5. Include more data in training models

Including more data in the training and ensuring that the training system has seen the kinds of disturbances that can occur in real life are key to making speech recognition systems more robust. For example, if there are specific noises in a hospital environment or in a car environment, you want to capture these noises and use them to augment clean recorded speech. Recording speech in your users’ environments provides accurate data for training your neural networks.

Be sure you’re collecting statistically representative samples and that the noises you collect cover a wide range of disturbances that can occur in practice. If you choose only one specific type of noise, your models might be overfitted—performing very well in the presence of this noise, but failing with others.

Adding reverberation to your speech recordings can be especially challenging. You’ll need to reverberate a lot of speech samples covering a wide range of phonetic variations. The reverberation will actually smear the voice sounds for some time adding in long-term dependencies and resulting in blocks of speech sounds that will be trained into the model. Therefore, be sure to have many different blocks represented in your data.

Using algorithms like noise reduction, echo cancellation, dereverberation, and beamforming, introduces artifacts and speech degradation into the system. To make your speech systems work well with these artifacts, apply signal processing algorithms to the training data and in production.

6. Allow for interruptions and barge-ins

One of the trickiest use cases for voice recognition systems is when the system is talking and users want to interrupt, or barge-in. When the voice assistant is talking and the user wants to say something, the synthetic speech of the system will leak back into the microphone. 

As a result, the system will always hear a little portion of its own speech. When a user interrupts the system, their speech will superimpose with the residual echo of the system, confusing the voice assistant. In order to allow for voice-barge in, you have to first put echo cancellation in place. Echo cancellation makes voice user interfaces able to listen while playing music or speaking.

The purpose of echo cancellation is to remove the signal emitted by the loudspeakers after it has been distorted (e.g. reverberation, nonlinear distortion of the loudspeaker) and has travelled back to the microphone.When properly tuned, echo cancellation can attenuate most of the music or the speech that’s leaking back from the loud speaker into the microphone. 

Although you can greatly reduce the echo, it’s impossible to remove it entirely using echo cancellation technology—as residual echo will always remain. If you want to use an echo canceler for speech recognition systems, make sure it’s using linear signal processing.

You’ll also need to implement a kind of cutoff policy that tells the system to stop talking when it detects a barge-in by the user. The system must have a way of determining whether a barge-in is really a barge-in, or if someone is just sneezing or coughing in the background—in which case the system should not stop talking.

One option is to implement a system where the voice assistant stops talking when it detects the barge-in, but then goes back and picks up where it left off, if it finds that no one was actually speaking. 

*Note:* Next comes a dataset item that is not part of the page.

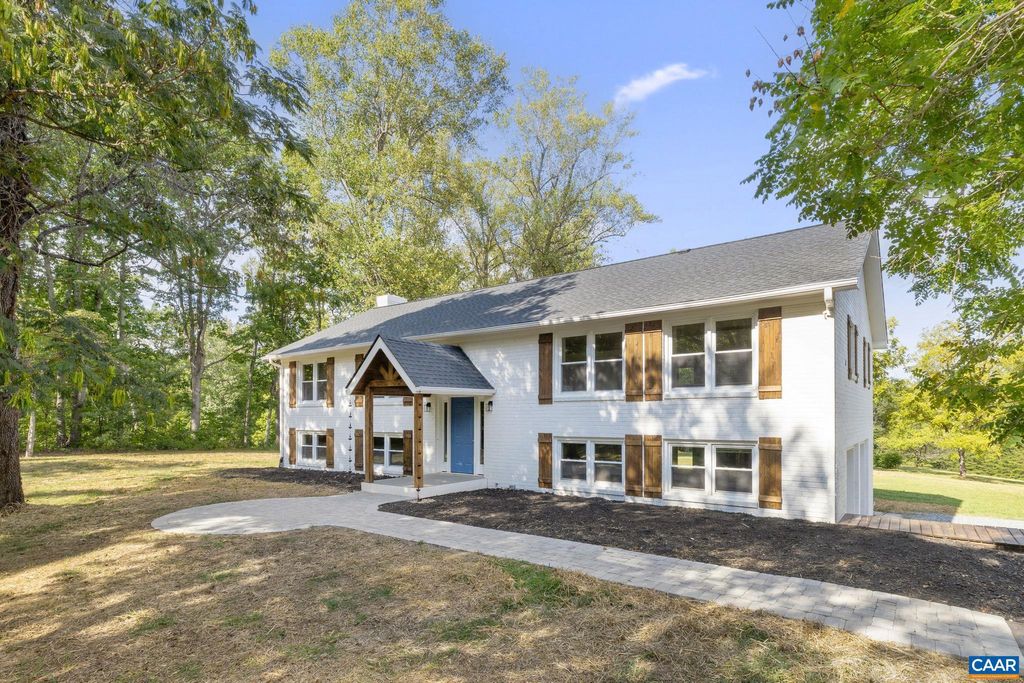 Photo of 3209 Rolling Rd, SCOTTSVILLE, VA 24590 (MLS # 668688)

Why do voice assistants still mis-recognize speech so frequently?

Even if you’ve put all the signal processing in place, you’ve done a really great job training acoustic models with augmentation—with all kinds of distortions and disturbances—you still might not see good performance in the end.

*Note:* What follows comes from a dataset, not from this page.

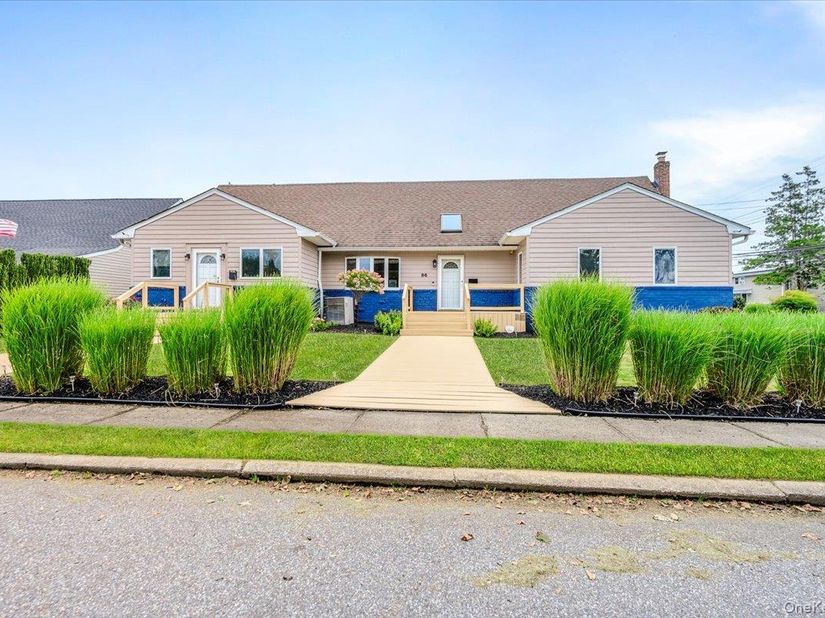 86 Edmore Lane, West Islip NY 11795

Why is that? Speech is fuzzy, it’s vague, and It can be ambiguous. What we need in order to make sense of speech is context. Context helps us resolve difficulties in understanding.

Imagine a child at the age of about eight who is able to understand pretty much everything that grown-ups say, but not from a meaning perspective. At that age, they don’t have the context or the mental concepts of what is being talked about. If the conversation is about politics, for example, children will understand the individual words, but not the meaning.